Fefferman makes different decisions about how to set these texts that both reflect their weight and timeless impact as well as her complex and varied relationship to each biblical excerpt's content. Fefferman’s choice to feature five different vocalists over the course of the work supports its Biblical scope, with its large cast of characters over generations and centuries. Using a chamber rock instrumentation allows Fefferman the freshness to frame the musical material as a contemporary response, establishing two layers of interpretation: that of the original words, and that of her reaction to and journey with them.
Read MoreThe album begins with the spoken “Intro”, reading census text from Torah listing the twelve tribes of Israel, and establishes an ambiguously liturgical atmosphere of the work. That atmosphere is swiftly broken by “Lot’s Daughters”, a driving setting of a story concerning questions of what we owe each other featuring Fefferman’s own gravelly vocals. The influence of progressive art rock is felt throughout, evoking the theatricality of the early work of Genesis and Pink Floyd. A high register sustain in the violin elides into the opening of “Nephilim,” which features soprano Charlotte Mundy’s crystalline voice over an ethereal, luminous accompaniment to meditate on the role of these angels barely mentioned, whose role is seemingly only to have sex with human women. Fefferman animates the static, modal ensemble sound world with light arpeggiation in the piano, and atmospheric effects in the percussion.

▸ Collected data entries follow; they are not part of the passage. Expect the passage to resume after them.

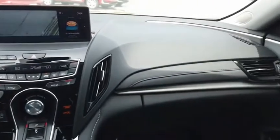If affordable style and reliability are what you're looking for, this vehicle couldn't be more perfect. Drive it today.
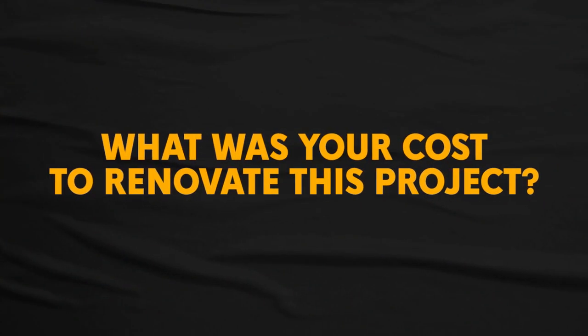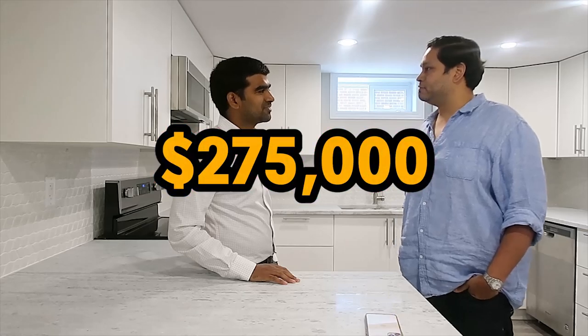Just to recap: we purchased this property about six months ago, in November 2019, for $275,000. You and I both know that if we could find 10 more of these at that price, I would buy all of them. $275k was low then and it is low now. Going conventional financing, we put 20% down — that's about $55,000 to $60,000.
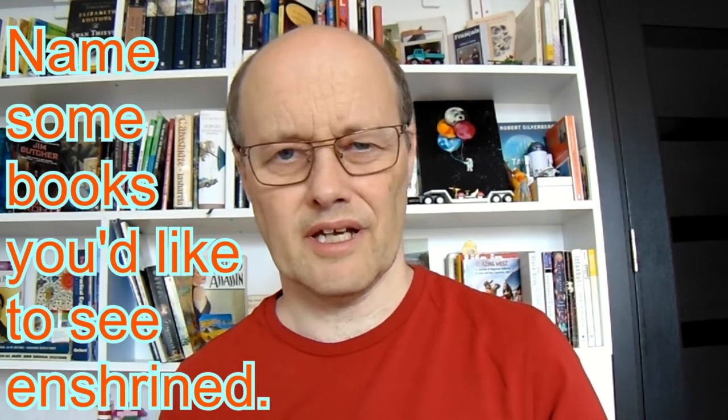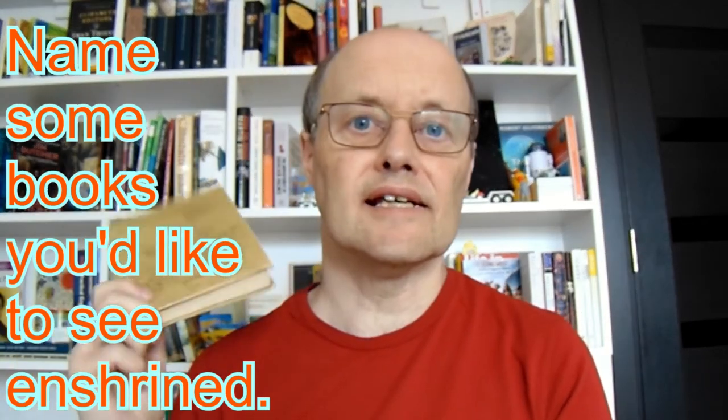Prompt number six: Penguin Classics tries to enshrine the classics of literature. Name some books you'd like to see enshrined — interesting terminology. I'd like to see this as a Penguin Classic: this is Nodo Dombadze, a Georgian writer — Granny, Ilico, Ilarion and I. Of the books I've read from Georgian literature in English translation, this is my favourite and I'd love to see this as a Penguin. It's the story of these four characters who lived in Guria in the west of Georgia, and it's very funny.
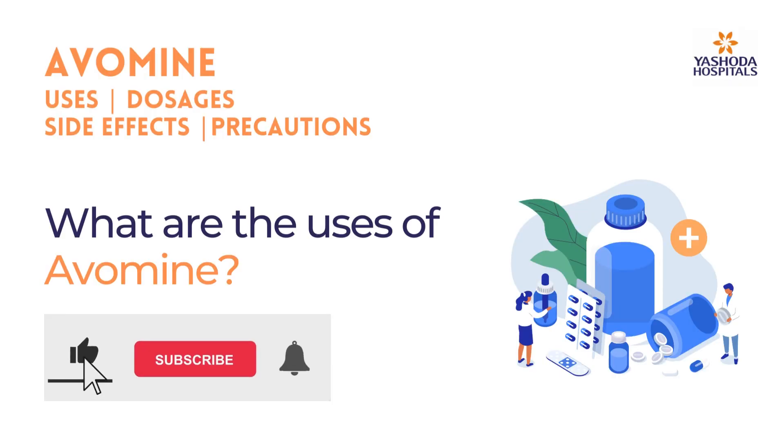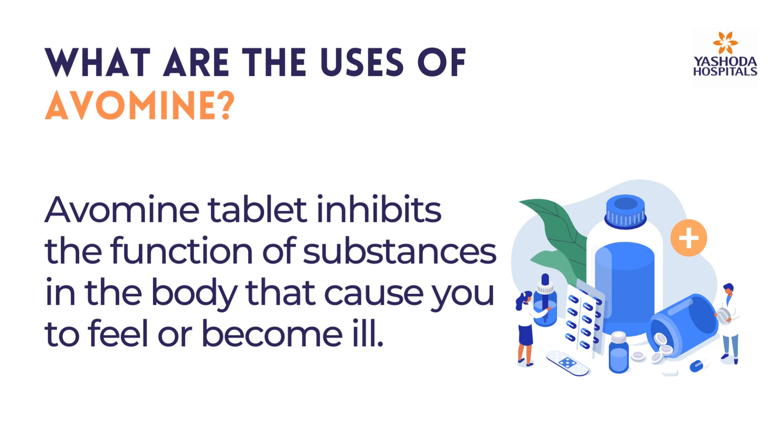What are the uses of Avermine? Avermine tablet inhibits the function of substances in the body that cause you to feel or become ill.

“Offerings” features a vocal trio that functions as a sort of Greek Chorus throughout the work (Martha Cluver, Mellissa Hughes, and Caroline Shaw). They open in chant-like homophony, before splitting into rhythmically independent parts that retain a quality of ritual and prayerfulness as they recount the taxation to the temple that defined Israelite identity for centuries. "Deuteronomic Rules" uses Fefferman's dry reading tone to highlight a few rules from the Book of Deuteronomy that present a stark and startling dissonance with modern life and values. A steady pulse on the hi-hat propels “Sword on Thigh” forward, with hits between the anvil and distorted electric guitar punctuating Meaghan Burke’s earthy vocals as she chronicles a bloody civil war as the Jews build a new life after slavery in Egypt. “Innocent Men” is scored once again for the vocal trio, who articulate folkloric mixed meter material with clapping and stomping outlining Abraham's bargain with God as he worked to save the people of Sodom.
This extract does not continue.